Exercise ▸ The task calls for the lines below from the line with "Handledare visar hyvel" to the line with "A porch with", both ends included, copied exactly, without any pictures.

Image-text web data ▸
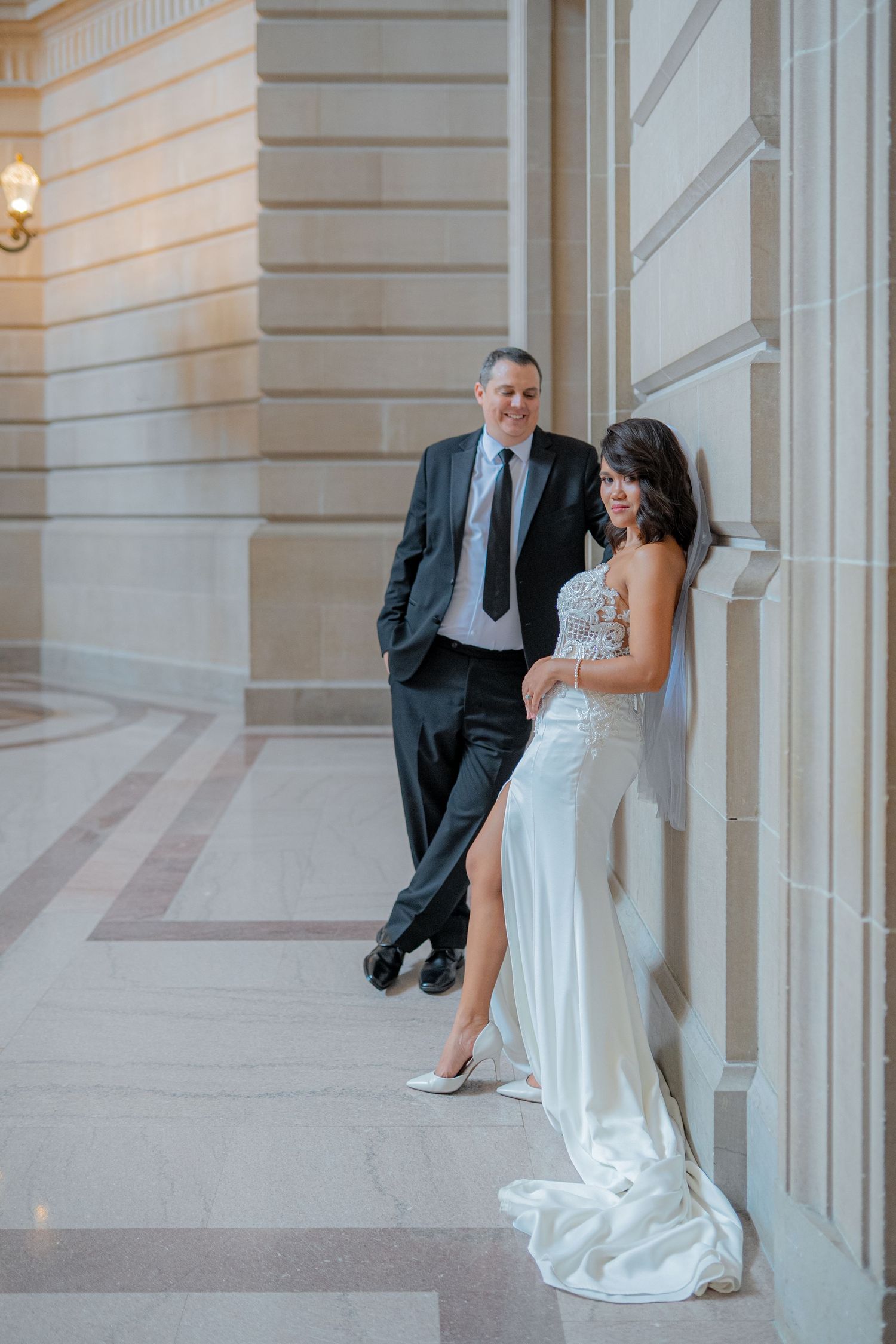 A bride and groom pose together in a sequence of elegant photos along a light-colored columned hallway.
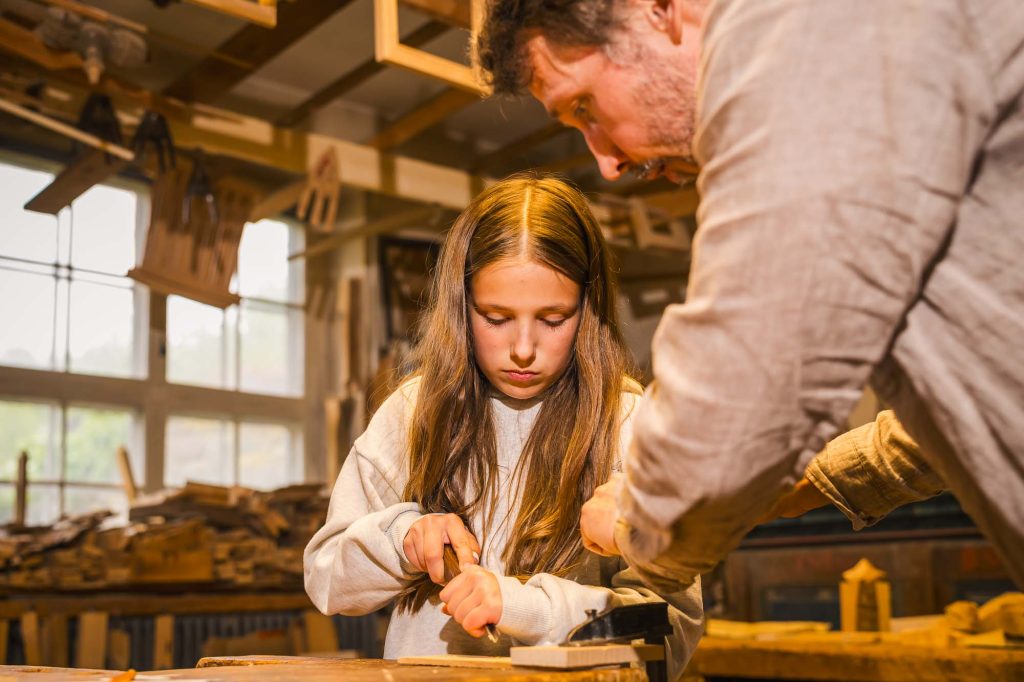 Handledare visar hyvel vid bänken i möbelsnickeriet på skaparverkstaden på Rackstadmuseet.
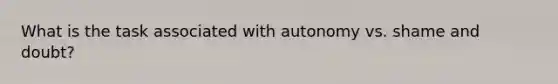 What is the task associated with autonomy vs. shame and doubt?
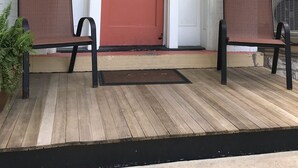 A porch with a red door marked "408", two wicker chairs, and a potted plant. - Historic Phelps Mansion;  main level Suite #1  (Decorah)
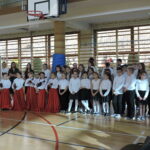 Duża grupa uczniów, młodszych i starszych, stoi razem podczas zakończenia akademii.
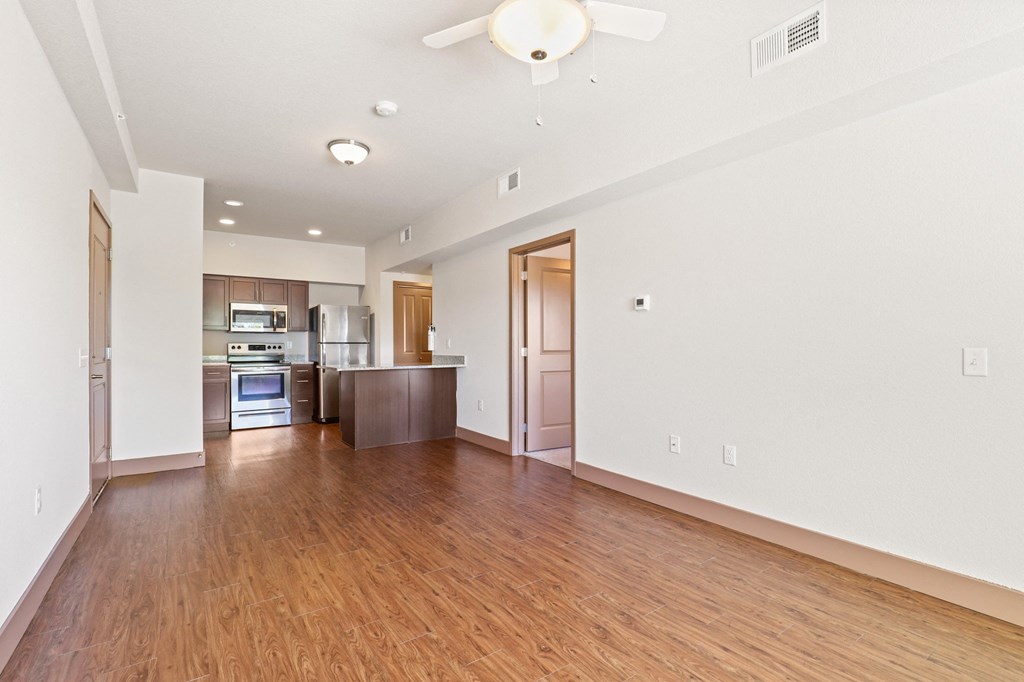 an empty living room and kitchen with wood flooring and a ceiling fan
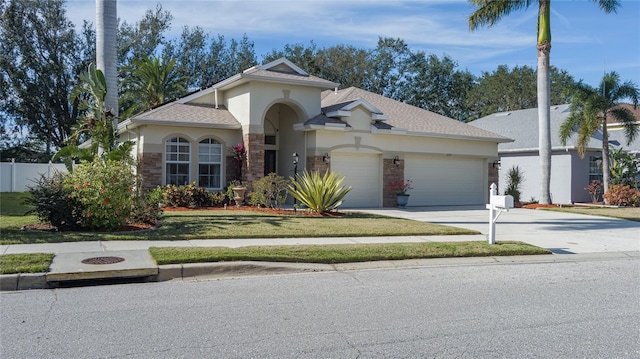 3439 101st Ave E, Parrish, FL 34219 - view of front of house featuring a garage, concrete driveway, stucco siding, and a shingled roof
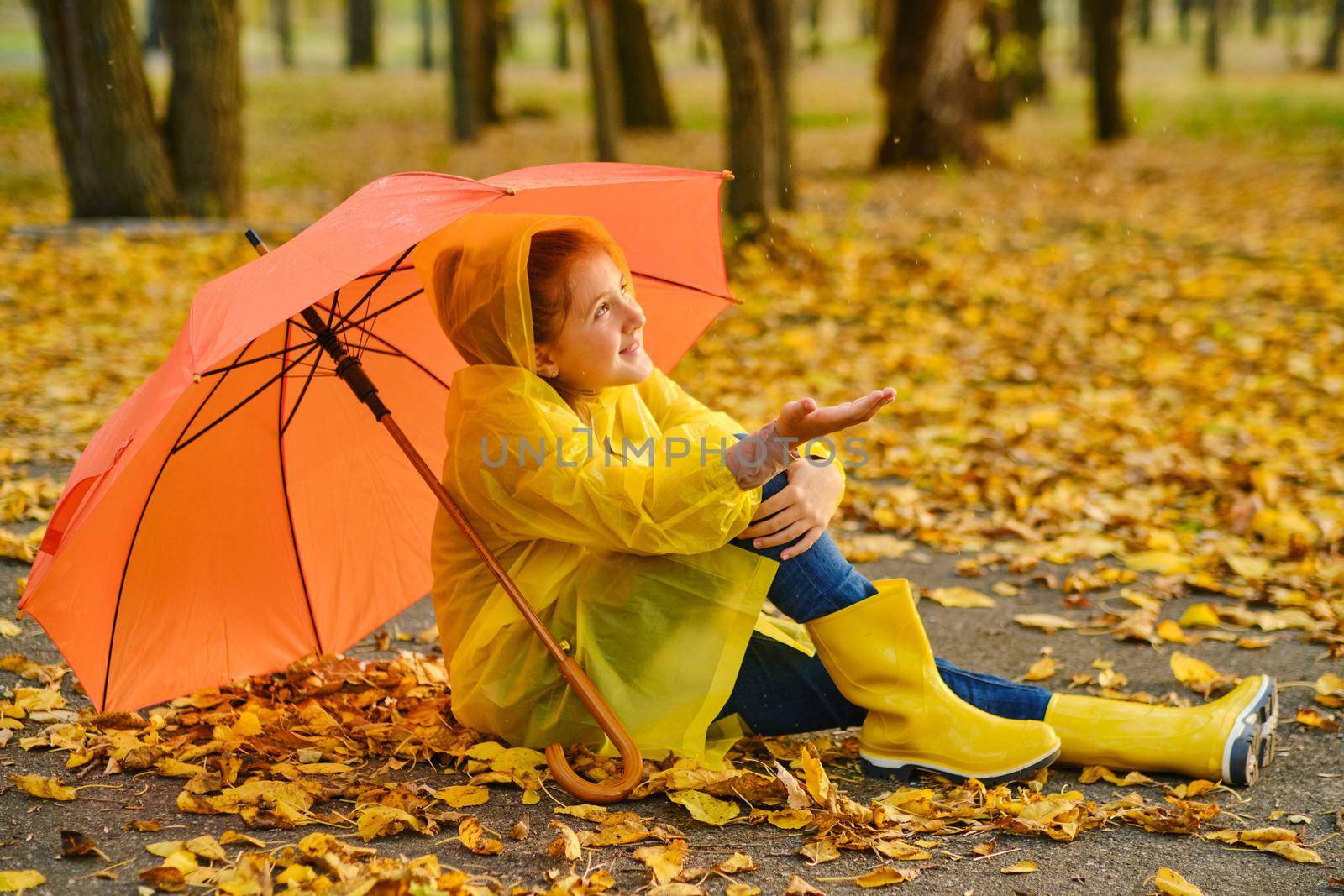 Happy kid Sits under an orange umbrella in the autumn park catching rain drops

Worked solution ▸
 Handledare visar hyvel vid bänken i möbelsnickeriet på skaparverkstaden på Rackstadmuseet.
 What is the task associated with autonomy vs. shame and doubt?
 A porch with a red door marked "408", two wicker chairs, and a potted plant. - Historic Phelps Mansion;  main level Suite #1  (Decorah)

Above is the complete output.